Filling in for regular co-host Stuart at the shop's weekly fish report on 8 May, presenter 'D' delivered a punchy run-down of where the Gold Coast bite had landed for the long Mother's Day weekend, with snapper, dolphin fish and tailor headlining the offshore card.
"Tomorrow's the 9th of May. We're looking at sort of around about 10 knots up to about 1 o'clock, and then it does come in pretty windy after that, around 20 knots from the south-east," he said, before warning that Sunday would be a 20-knot blowout with showers — "not really worth going offshore."
Snapper had been thick from the 18-fathom line out to 24 fathoms just north of the Seaway, with action stretching across to 36 fathoms east of the Seaway and north-east off Jumping Pin. Float-lining small pilchards on gang or snelled hooks with the smallest sinker that would reach the bottom remained the standout method, while bottom-bouncers were running paternoster rigs with squid and pilchard halves under 8 to 16 oz of lead depending on current.

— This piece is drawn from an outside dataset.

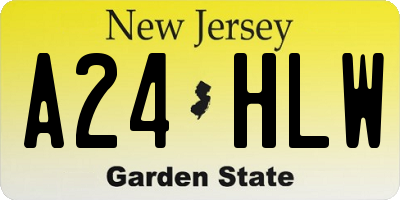 NJ license plate A24HLW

Out wider, the FADs continued to deliver. Doug's son, Jack Burt, had bagged out 10 dolphin fish on the Tuesday morning using pilchards and small lures around the floats. "They got their 10 of dollies, and they're reasonable size," D said. Yellowfin tuna in pocket-rocket size were hanging in the same zone — great fun on light tackle — and a few mackerel were marking on the sounder around Diamond, Focus and the 18-Fathom reef. A heavy shark presence, however, was making the Spaniards reluctant to commit to a bait, with D suggesting the fish were visible on the sounder but spooked.

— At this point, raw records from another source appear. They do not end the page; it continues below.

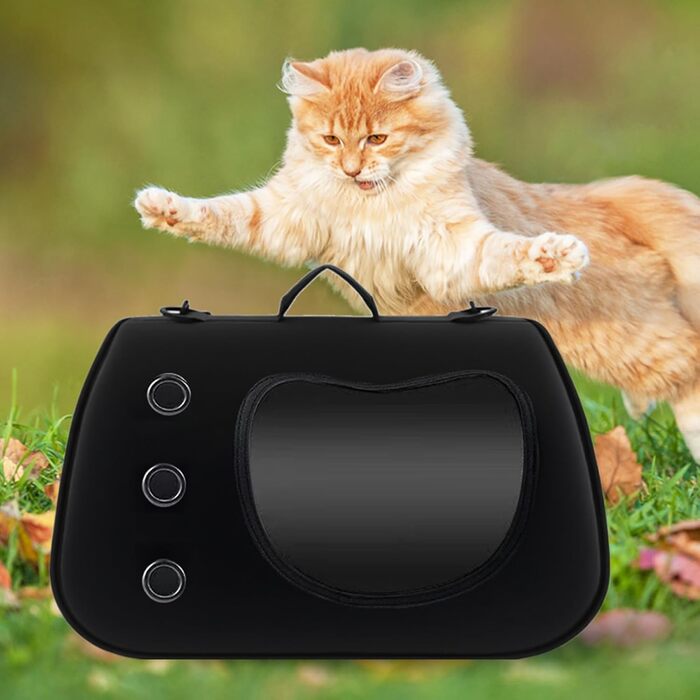 Сумка-переноска для собак, маленька, через плече, чорна. Ідеально для прогулянок, пікніків, кемпінгу. Зручна, легка, прозора переноска для маленьких собак.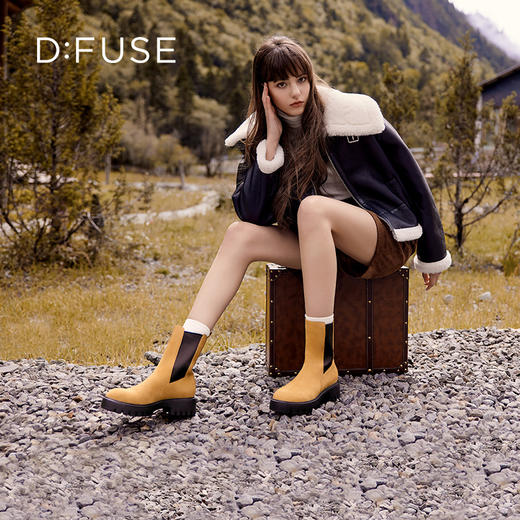Dfuse迪芙斯冬新款牛皮大黄靴圆头厚底短靴女户外DF34116004 商品图11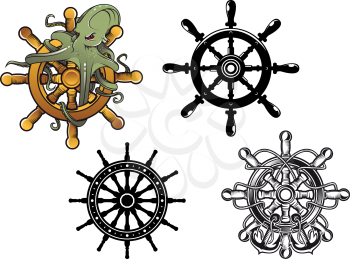 Vintage ships steering wheels with octopus and anchors, vector illustration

Inshore, tailor was the standout, with fish to 60 centimetres pushing along the north-eastern corner of Crusoe Island, around the Slipping Sands and back towards Tipplers Channel. Twenty-gram and 30-gram metal slugs in two profile sizes were doing the damage on the high tide and into the first of the run-out.

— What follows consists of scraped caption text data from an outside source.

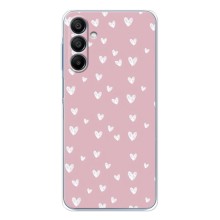Чехол с розовым рисунком для Samsung Galaxy A16 5G (Сердечки на розовом)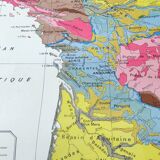 Old map of France from 1950 43x43cm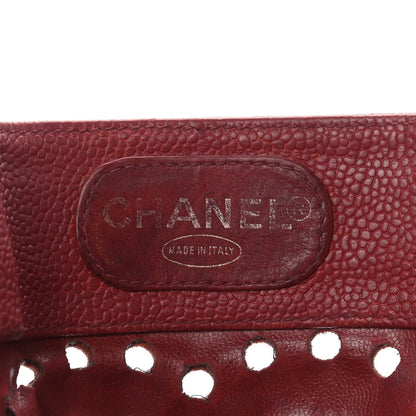 Chanel Caviar Perforated CC Tote Red 7 of 16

For mulloway hunters, the Tackle World team was directing anglers to the eastern edge of Klinger Bank, fishing the front of Swan Bay outside the green zone in 6 to 16 metres of water. The catch was that anglers needed to troll up live pike on small sinking minnows over the South Stradbroke weed banks first, then drop them on big ball sinkers and snelled hooks. "These are big jewies," D promised. "We're talking metre-20." He warned the same ledge held sharks.
Flathead were biting on prawn-imitation soft plastics — Wilson Wild Shrimps, Squidgies and Samaki options — through the Broadwater, with the Pandanus Island banks, Tipplers Channel and the Cab Street Point to Rocky Point bank all producing on the run-out. Whiting on worms or yabbies came good around the southern side of Hottinger and the swimming enclosure at Southport on the run-out tide, particularly after dark.
Doug Burt's Tackle World also flagged a snapper-on-lures seminar booked for Thursday 21 May, covering down-rigging, slow-pitch jigging, soft plastics and mechanical jigging.
The bigger picture: this was the first foul-weather week the Gold Coast had seen in close to a month, and D was forecasting the offshore bite to come good again the following weekend. The Saturday morning window aside, the message to Mother's Day weekenders was simple — keep it inshore, or stay home with mum.